IDM: Is Enterprise Search still an important plank of the future for Recommind?
BT: The reason that I'm really excited about where we’re at as an industry and as a company is that the technology is now at a point where we can go beyond just what search provides. So, if you think about any time you’re searching for something, what you’re really trying to do is get an answer to a question, you want to understand something that you can get an answer for and perhaps take some action on. And what Enterprise Search or search generally does is it gets you only partway there. So, you type in your query, you’re looking for an answer to a question, what you get back is a long list of documents, and then from that list of documents you have to go do your own research to get the answer to the question.

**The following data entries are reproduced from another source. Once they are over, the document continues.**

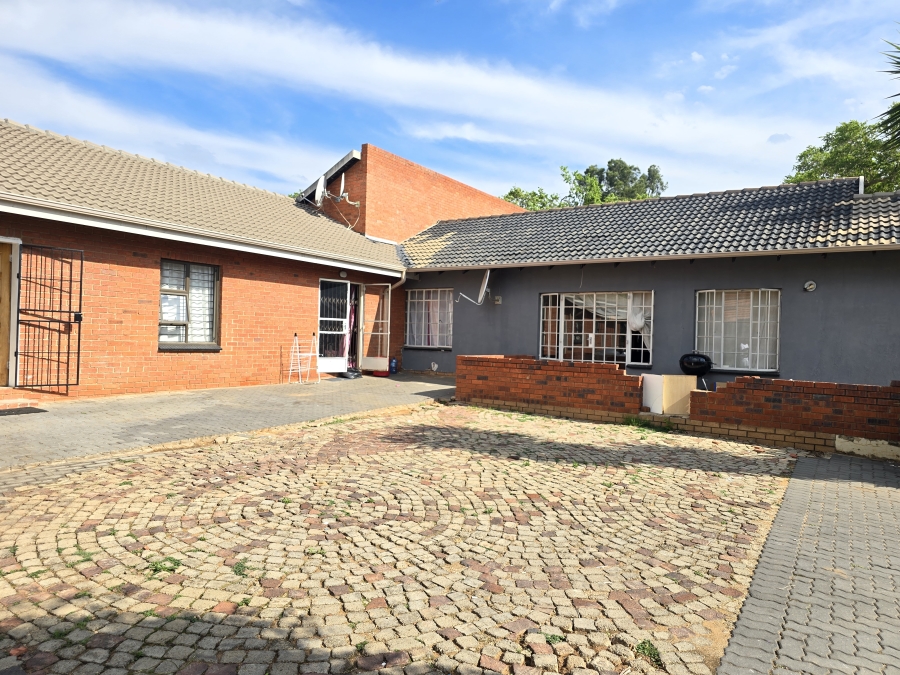 3 Bedroom Property for Sale in Noordwyk Gauteng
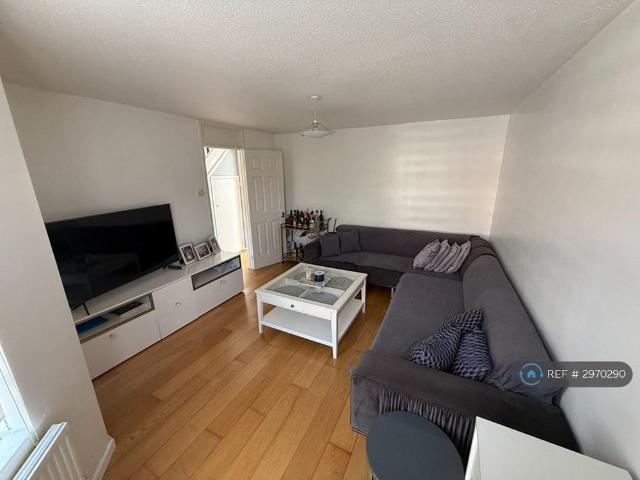 2 bedroom semi detached house to rent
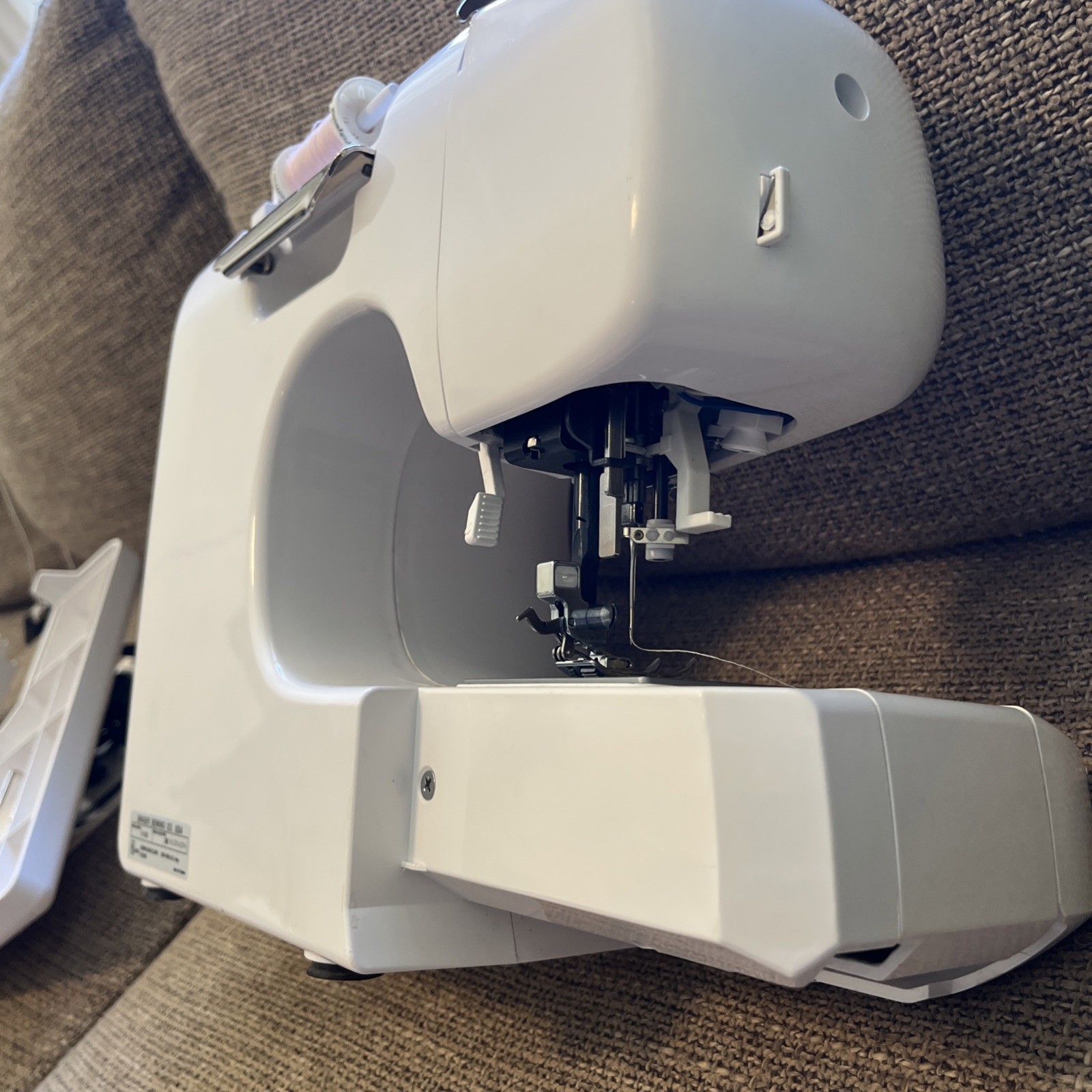 Singer Sewing Machine 4166 White Electronic Control With Accessories ￼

Where we’re at now, and what Core is providing is the ability to take you a lot further along that path. So, you can still do Enterprise search, you can still get back the list of documents but it can also get you to the point where you’re actually getting an answer to your question which personally is something that I would prefer.

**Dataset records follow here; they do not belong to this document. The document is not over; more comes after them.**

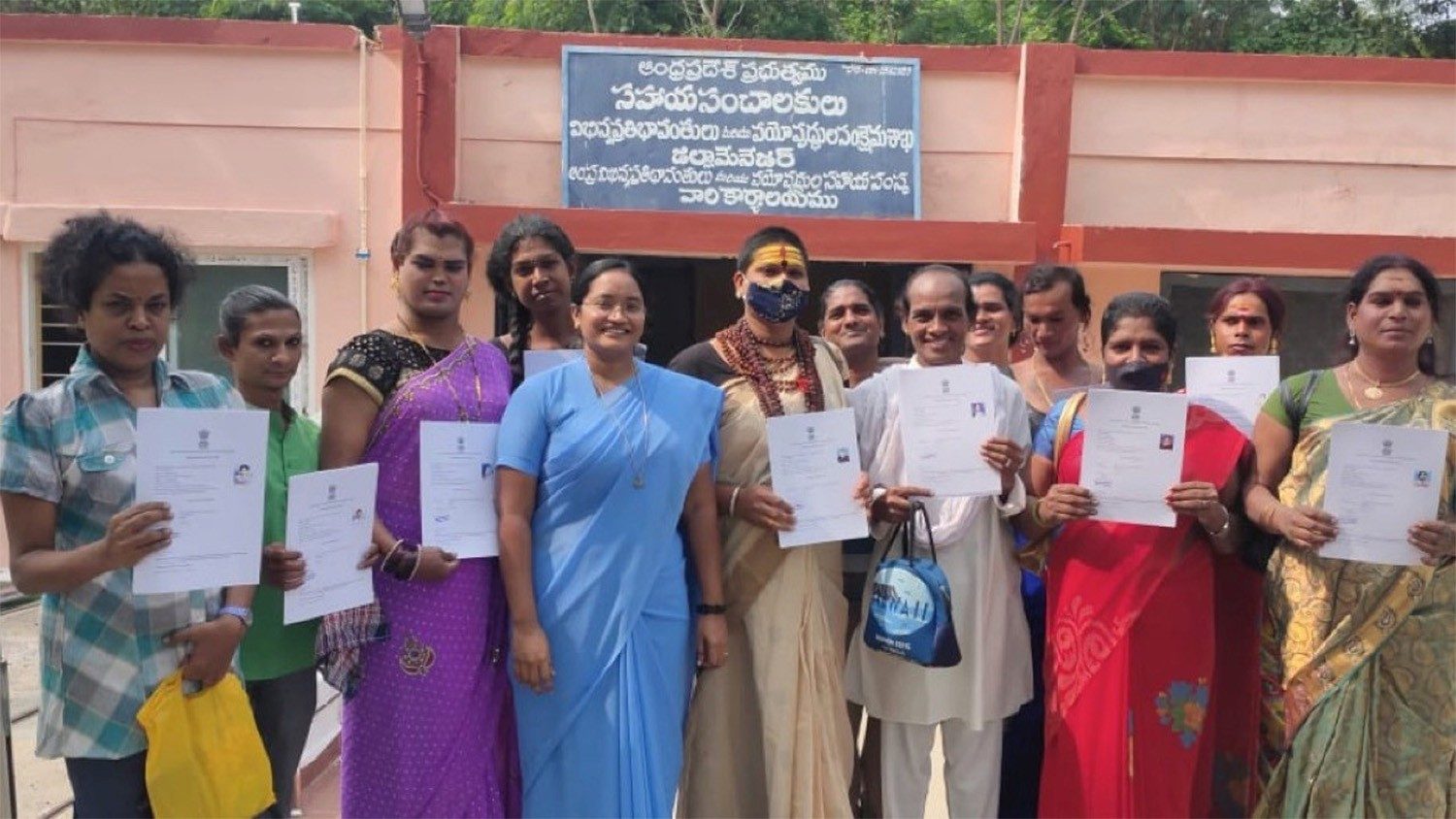Người nữ tu Ấn Độ bênh đỡ những phụ nữ chuyển giới bị xã hội khinh thị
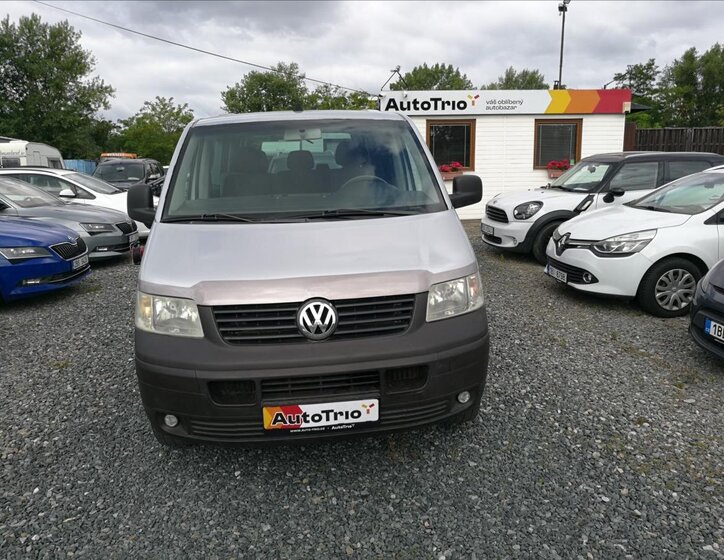 Volkswagen Transporter 1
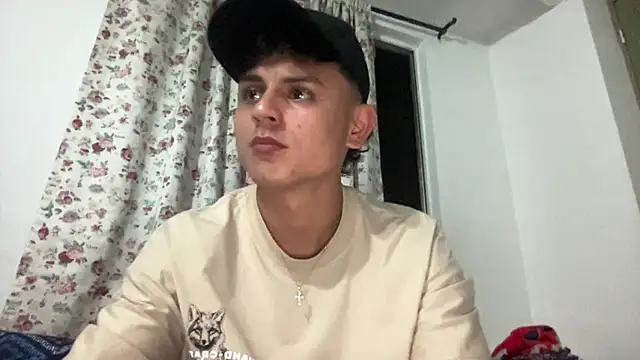 Snapshot of bob_petterson chatting on February 16, 3:15 am bob petterson online show from February 16, 3:15 am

IDM: E-discovery in 2012 was all about the rise of predictive coding, providing a way to help legal teams navigate massive numbers of documents. Do you see the technology reaching out to other areas in 2013?
BT: There’s nine billion connected internet devices out there right now. By the end of this decade there’ll be fifty billion and each of these is creating some kind of content. We speak to companies that have 4.5 billion email records in their systems. It’s a giant haystack. What our software does, is gives you the way to find through probabilistic and semantic and contextual analysis (the needles) and get rid of the haystack. What we’re seeing with ediscovery is that predictive coding has become mission critical for a law department and next it will become mission critical for enterprises. Once we have our arms around this large amount of data, there are many business problems that surround it – one of them ediscovery - but there’s several adjacent apps that we’re looking at and we’ll start to announce those in 2013, to provide a framework that allows you to build and solve these business problems very easily.
We always look for the killer app. I don’t believe it exists in unstructured data and so we’re building a framework that lets us carry into the multitudes of business problems that we can solve, whether it’s risk assessment or if it is governing what I have and how do I remove the unstructured data that I no longer need. How do I even know what I can take off-line? And those are all very good problems within the corporate as well as the legal area.